Critical for large datasets and caching

CPU

Important for compute-intensive operations
If your data fits in memory, the bottleneck is usually network bandwidth. Focus on data serialization and reducing shuffle operations.

Data Serialization

Serialization plays a crucial role in the performance of any distributed application. Formats that are slow to serialize or consume many bytes will greatly slow down computation.

Serialization Options

Spark provides two serialization libraries:
By default, Spark uses Java’s ObjectOutputStream framework.Advantages:
  • Works with any class implementing java.io.Serializable
  • No configuration required
  • Flexible
Disadvantages:
  • Often quite slow
  • Produces large serialized formats
  • Not recommended for production

Enabling Kryo Serialization

Switch to Kryo by configuring your SparkConf:
val conf = new SparkConf()
  .setMaster("spark://host:port")
  .setAppName("MyApp")
  .set("spark.serializer", "org.apache.spark.serializer.KryoSerializer")
val sc = new SparkContext(conf)
Kryo is not the default because it requires custom registration, but we recommend it for any network-intensive application.

Registering Classes with Kryo

For best performance, register your custom classes with Kryo:
val conf = new SparkConf()
  .setMaster("spark://host:port")
  .setAppName("MyApp")
conf.registerKryoClasses(Array(classOf[MyClass1], classOf[MyClass2]))
val sc = new SparkContext(conf)
Spark automatically includes Kryo serializers for many commonly-used core Scala classes from the Twitter chill library.

Kryo Configuration

If your objects are large, increase the buffer size:
spark.kryoserializer.buffer=64m
This value needs to be large enough to hold the largest object you will serialize.

Memory Tuning

There are three considerations in tuning memory usage: the amount of memory used by your objects, the cost of accessing those objects, and the overhead of garbage collection.

Memory Overhead in Java Objects

Java objects can consume 2-5x more space than the raw data due to:
1

Object Headers

Each Java object has about 16 bytes of overhead containing information like a pointer to its class.
2

String Overhead

Java Strings have about 40 bytes of overhead and store each character as two bytes.

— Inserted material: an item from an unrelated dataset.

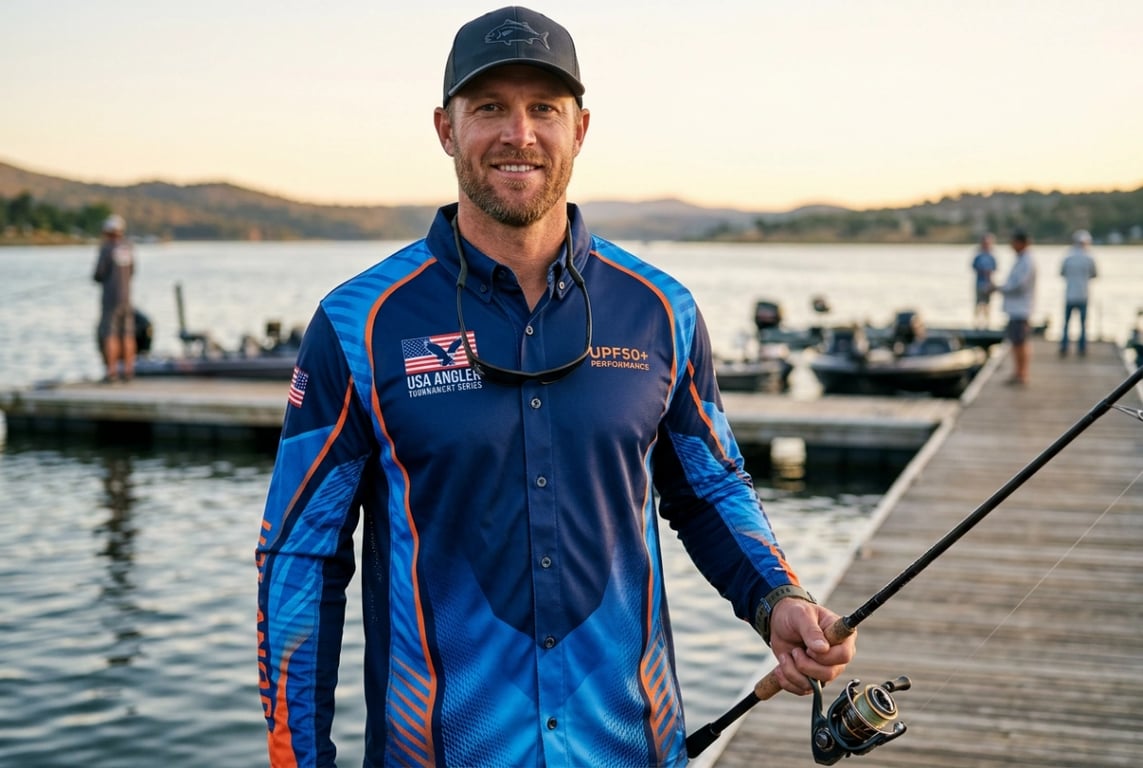 UPF50+ tournament fishing shirt for USA brand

A 10-character string can consume 60 bytes.
3

Collection Overhead

Collections like HashMap and LinkedList use wrapper objects for each entry, adding headers and pointers (typically 8 bytes each).
4

Boxed Primitives

Collections of primitive types store them as boxed objects like java.lang.Integer.

Memory Management Overview

Memory usage in Spark falls under two categories:
  • Execution memory: Used for computation in shuffles, joins, sorts, and aggregations
  • Storage memory: Used for caching and propagating internal data across the cluster
Execution and storage share a unified region (M). When no execution memory is used, storage can acquire all available memory and vice versa.
This design ensures applications that don’t use caching can use the entire space for execution, avoiding unnecessary disk spills.

Key Memory Configuration

PropertyDefaultDescription
spark.memory.fraction0.6Size of M as a fraction of (JVM heap space - 300MiB). The rest (40%) is reserved for user data structures and safeguarding against OOM errors.
spark.memory.storageFraction0.5Size of R as a fraction of M. R is the storage space where cached blocks are immune to being evicted by execution.
The typical user should not need to adjust these values as defaults work well for most workloads.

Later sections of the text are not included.